The contract was to be awarded based on a “best value” basis that considered mission capability, strategic plans, past performance, and price. Offerors were notified in the RFP’s performance work statement (PWS) that services likely would expand or decrease during performance of the contract and to provide for greater flexibility and to limit risk, the contractor would assume the risk related to the uncertainty of the food service requirements. Also, the PWS provided that the contractor must be capable of operating the DFACs 24-hours, seven days a week, and must provide sufficient workforce to prepare, serve, clean, and maintain the facilities.
Although Najilaa’s proposal received ratings of acceptable overall under the mission capability factor and excellent for the lesser-weighted strategic plans factor, no past performance information had been submitted and so the agency assessed an unknown risk rating for that factor. The agency found Najilaa’s DFAC staffing excessive for the meal service requirements anticipated by the RFP and Najilaa was asked to provide its rationale for the staffing levels. Najilaa responded that it felt the labor quantities to be necessary to meet the PWS requirements, but the agency found this explanation insufficient. Najilaa’s final proposed price was $157 million. The awardee/incumbent’s final proposed price was $60 million.
In reviewing a protest against an agency’s evaluation of proposals, GAO will not reevaluate proposals but instead will examine the record to determine whether the agency’s judgment was reasonable and consistent with the stated evaluation criteria. A protester’s mere disagreement with the agency’s judgment in its determination of the relative merit of competing proposals does not establish that the evaluation was unreasonable. In its review of the record and denial of the protest, GAO found that Najilaa unreasonably interpreted the PWS’s staffing requirements. GAO stated that although the PWS required the contractor to provide staffing at maximum feeling levels when the agency required, this need was anticipated as infrequent and atypical.
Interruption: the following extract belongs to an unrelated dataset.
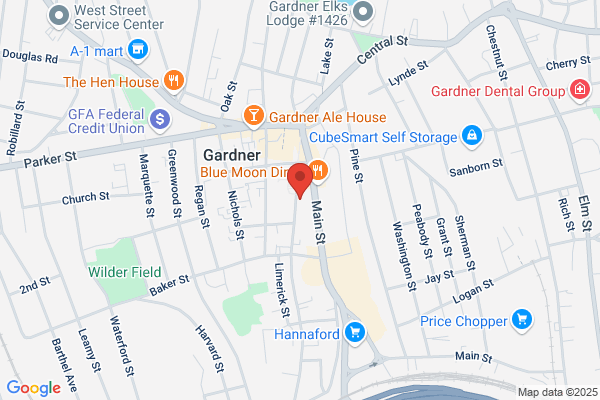 Gardner Office MacHines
GAO found that Najilaa was unreasonable in assuming that offerors were required to propose operations at maximum feeding levels for the entire five-year period.
As to Najilaa’s contention that the agency failed to adequately assess the realism of the awardee’s price, the GAO found that, in this case, a fixed-price contract does not require an agency to conduct a price realism evaluation. The RFP did not specifically require a price realism evaluation and did not require offerors to provide cost or pricing data.
Finally, GAO did not resolve the issue of whether the agency failed to conduct meaningful discussion with Najilaa, since the record was clear that Najilaa did not suffer competitive prejudice and Najilaa did not have a substantial chance of receiving the award. GAO stated that Najilaa never explained, specifically, how it would have changed its proposal to decrease staffing levels. GAO denied the protest.